Turkey’s Erdogan pins economic crisis on 2013 Gezi protests
Turkey's president has added the economy to his list of casualties of the nationwide Gezi protests nine years ago.
![TOPSHOT - Deputy of HDP (People's Democratic Party) Musa Piroglu (L) in a wheelchair tries to stop Turkish riot policemen near Taksim square in Istanbul on May 31, 2022, as the police blocked the access to the square during the ninth anniversary of the Gezi park and Taksim square demonstrations. - People gathered on May 31, 2022 to mark the ninth anniversary of Gezi park at Taksim square. In 2013, what started as a small campaign to save the Gezi Park from the bulldozers eventually drew an estimated three m](/sites/default/files/styles/article_hero_medium/public/2022-06/GettyImages-1241023059.jpg?h=a5ae579a&itok=y41_hDJ3)
ISTANBUL — Turkey’s president has claimed the country’s current economic crisis is at least partly due to nationwide anti-government protests nearly a decade ago. Over the weekend, Recep Tayyip Erdogan identified the Gezi demonstrations, which saw hundreds of thousands take to the streets over several weeks in 2013 to challenge growing authoritarianism, as a factor in the spiraling economy.

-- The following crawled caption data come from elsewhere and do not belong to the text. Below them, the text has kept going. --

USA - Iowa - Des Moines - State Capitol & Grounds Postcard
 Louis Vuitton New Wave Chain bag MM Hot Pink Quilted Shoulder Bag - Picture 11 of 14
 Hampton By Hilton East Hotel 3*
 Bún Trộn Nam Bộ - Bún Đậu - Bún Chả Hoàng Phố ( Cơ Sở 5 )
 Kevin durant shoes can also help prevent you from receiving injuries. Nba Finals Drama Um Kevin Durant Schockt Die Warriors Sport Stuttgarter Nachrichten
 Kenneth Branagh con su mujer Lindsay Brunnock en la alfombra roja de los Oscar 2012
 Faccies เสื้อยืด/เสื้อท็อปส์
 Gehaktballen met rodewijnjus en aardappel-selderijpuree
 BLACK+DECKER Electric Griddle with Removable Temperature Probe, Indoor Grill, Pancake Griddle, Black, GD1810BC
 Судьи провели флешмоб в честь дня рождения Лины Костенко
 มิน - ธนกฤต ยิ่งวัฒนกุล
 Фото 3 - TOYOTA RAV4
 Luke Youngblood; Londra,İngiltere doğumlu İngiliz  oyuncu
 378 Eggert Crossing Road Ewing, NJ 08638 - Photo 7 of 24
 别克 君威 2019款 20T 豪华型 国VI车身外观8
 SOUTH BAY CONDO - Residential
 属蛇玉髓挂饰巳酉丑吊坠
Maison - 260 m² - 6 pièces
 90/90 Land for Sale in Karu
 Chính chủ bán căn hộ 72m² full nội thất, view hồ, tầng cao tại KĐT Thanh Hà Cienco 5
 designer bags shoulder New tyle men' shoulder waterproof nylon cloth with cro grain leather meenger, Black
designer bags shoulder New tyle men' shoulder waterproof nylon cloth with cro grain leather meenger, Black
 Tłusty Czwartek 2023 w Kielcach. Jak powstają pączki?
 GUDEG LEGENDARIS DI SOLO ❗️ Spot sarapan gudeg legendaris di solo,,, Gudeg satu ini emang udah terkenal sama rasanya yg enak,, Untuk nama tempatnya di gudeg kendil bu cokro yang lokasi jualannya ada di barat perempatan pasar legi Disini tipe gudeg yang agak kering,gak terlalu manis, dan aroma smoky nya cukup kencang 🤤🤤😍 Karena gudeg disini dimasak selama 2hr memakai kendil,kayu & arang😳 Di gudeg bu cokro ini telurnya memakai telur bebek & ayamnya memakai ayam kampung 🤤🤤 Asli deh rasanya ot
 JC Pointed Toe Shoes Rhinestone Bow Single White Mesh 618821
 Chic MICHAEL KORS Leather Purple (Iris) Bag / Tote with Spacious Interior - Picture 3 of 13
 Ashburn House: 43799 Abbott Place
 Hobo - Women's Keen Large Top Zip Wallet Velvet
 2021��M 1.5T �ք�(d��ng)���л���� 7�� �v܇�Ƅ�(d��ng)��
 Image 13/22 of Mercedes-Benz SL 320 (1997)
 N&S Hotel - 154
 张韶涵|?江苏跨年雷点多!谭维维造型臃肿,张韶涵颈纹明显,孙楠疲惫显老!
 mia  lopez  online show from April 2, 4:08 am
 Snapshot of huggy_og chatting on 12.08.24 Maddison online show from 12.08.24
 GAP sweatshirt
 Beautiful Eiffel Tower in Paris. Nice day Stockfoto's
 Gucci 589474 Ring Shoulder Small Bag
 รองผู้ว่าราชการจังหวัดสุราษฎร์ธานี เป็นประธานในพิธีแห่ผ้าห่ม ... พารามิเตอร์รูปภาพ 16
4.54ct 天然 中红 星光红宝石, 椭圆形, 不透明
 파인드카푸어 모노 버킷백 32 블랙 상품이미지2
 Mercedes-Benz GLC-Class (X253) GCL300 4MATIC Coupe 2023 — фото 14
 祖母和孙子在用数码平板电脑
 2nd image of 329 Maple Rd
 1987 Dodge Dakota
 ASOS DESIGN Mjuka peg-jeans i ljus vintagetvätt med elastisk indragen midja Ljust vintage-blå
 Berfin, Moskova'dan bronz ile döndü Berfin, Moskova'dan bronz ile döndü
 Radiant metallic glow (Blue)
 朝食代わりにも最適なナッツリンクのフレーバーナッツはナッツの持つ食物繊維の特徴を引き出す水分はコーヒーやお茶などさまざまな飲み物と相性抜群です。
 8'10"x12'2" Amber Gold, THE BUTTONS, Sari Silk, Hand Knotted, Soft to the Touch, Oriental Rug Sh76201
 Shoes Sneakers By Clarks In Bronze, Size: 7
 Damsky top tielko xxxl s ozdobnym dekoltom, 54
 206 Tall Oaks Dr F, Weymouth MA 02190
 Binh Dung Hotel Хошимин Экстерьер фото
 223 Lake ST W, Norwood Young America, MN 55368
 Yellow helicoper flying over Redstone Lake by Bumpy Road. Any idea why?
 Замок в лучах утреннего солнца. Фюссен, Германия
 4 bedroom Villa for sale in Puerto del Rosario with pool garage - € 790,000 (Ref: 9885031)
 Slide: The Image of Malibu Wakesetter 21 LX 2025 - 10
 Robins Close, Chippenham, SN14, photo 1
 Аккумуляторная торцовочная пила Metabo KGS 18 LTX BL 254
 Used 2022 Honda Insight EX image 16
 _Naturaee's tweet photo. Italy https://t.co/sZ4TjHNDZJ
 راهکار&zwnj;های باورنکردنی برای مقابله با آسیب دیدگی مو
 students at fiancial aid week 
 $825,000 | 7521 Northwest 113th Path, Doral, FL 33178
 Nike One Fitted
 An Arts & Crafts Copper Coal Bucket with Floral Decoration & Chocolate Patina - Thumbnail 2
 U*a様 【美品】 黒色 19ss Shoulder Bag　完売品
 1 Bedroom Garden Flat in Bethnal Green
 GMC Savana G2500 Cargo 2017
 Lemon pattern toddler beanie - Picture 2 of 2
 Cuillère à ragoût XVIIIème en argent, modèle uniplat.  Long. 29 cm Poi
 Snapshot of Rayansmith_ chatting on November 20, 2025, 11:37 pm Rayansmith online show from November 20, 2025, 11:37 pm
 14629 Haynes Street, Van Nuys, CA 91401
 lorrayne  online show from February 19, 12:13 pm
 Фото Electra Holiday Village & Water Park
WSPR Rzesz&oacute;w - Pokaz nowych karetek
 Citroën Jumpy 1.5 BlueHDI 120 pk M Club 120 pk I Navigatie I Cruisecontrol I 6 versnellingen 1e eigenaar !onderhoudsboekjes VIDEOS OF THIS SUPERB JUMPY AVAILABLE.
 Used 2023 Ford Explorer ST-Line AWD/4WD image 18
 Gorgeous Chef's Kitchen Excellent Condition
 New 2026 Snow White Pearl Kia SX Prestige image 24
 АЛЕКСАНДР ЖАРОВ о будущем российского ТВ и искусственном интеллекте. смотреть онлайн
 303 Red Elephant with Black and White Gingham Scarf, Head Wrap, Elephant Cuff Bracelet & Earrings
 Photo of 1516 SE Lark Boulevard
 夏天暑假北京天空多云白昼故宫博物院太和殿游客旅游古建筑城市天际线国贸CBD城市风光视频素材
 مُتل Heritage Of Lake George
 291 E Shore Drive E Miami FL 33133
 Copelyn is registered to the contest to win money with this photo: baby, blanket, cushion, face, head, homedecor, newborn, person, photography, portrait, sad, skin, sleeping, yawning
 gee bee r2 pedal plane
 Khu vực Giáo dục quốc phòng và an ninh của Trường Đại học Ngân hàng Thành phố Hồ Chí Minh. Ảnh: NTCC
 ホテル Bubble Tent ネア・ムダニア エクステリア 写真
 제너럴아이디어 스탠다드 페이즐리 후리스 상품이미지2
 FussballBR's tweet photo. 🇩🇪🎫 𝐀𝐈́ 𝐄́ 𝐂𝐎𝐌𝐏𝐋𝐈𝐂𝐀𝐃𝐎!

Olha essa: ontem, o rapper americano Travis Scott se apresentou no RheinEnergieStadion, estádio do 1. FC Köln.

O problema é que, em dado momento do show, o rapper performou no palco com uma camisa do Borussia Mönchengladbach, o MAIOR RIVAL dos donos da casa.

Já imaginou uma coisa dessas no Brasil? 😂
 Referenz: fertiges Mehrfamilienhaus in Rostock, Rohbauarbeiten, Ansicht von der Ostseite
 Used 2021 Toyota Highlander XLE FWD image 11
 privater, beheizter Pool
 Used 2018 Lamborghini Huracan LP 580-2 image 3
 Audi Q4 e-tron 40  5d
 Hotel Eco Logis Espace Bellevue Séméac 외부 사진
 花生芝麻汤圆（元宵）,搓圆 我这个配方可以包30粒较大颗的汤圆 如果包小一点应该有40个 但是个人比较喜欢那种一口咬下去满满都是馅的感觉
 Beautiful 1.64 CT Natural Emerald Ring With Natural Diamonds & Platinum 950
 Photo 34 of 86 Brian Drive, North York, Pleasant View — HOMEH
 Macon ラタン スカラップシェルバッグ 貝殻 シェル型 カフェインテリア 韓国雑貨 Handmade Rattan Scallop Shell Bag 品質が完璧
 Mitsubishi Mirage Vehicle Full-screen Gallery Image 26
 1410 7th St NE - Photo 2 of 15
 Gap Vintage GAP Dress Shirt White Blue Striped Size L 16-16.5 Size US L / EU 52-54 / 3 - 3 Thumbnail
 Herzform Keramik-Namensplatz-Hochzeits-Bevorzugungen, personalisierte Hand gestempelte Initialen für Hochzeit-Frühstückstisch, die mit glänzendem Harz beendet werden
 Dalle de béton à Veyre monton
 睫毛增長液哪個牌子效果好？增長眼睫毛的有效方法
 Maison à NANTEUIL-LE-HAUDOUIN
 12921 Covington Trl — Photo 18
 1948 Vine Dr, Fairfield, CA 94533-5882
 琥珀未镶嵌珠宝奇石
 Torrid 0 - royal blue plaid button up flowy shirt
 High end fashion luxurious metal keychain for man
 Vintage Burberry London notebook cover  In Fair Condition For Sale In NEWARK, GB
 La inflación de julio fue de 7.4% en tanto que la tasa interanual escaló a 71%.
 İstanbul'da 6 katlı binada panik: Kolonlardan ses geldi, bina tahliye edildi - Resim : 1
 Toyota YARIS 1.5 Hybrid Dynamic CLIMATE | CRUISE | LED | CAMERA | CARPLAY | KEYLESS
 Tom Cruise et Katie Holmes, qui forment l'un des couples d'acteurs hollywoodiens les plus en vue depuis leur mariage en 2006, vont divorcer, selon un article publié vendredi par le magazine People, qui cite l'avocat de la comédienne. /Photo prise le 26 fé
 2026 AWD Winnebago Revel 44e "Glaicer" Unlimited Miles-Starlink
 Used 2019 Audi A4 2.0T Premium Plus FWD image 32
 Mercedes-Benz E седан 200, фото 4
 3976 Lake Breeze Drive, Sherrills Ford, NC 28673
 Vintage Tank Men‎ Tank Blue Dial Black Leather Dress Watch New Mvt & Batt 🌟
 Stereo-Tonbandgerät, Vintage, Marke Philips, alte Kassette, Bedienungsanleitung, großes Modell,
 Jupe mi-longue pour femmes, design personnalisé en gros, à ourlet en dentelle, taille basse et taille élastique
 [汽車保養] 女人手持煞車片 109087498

“Turkey would have been in a much better place — having a national income of $1.5 trillion — if not for the betrayals that started with the Gezi incidents,” he told supporters at a Justice and Development Party (AKP) weekend retreat in Ankara. “These betrayals made our country pay a heavy price through the evil triangle of exchange rates, interest and inflation.”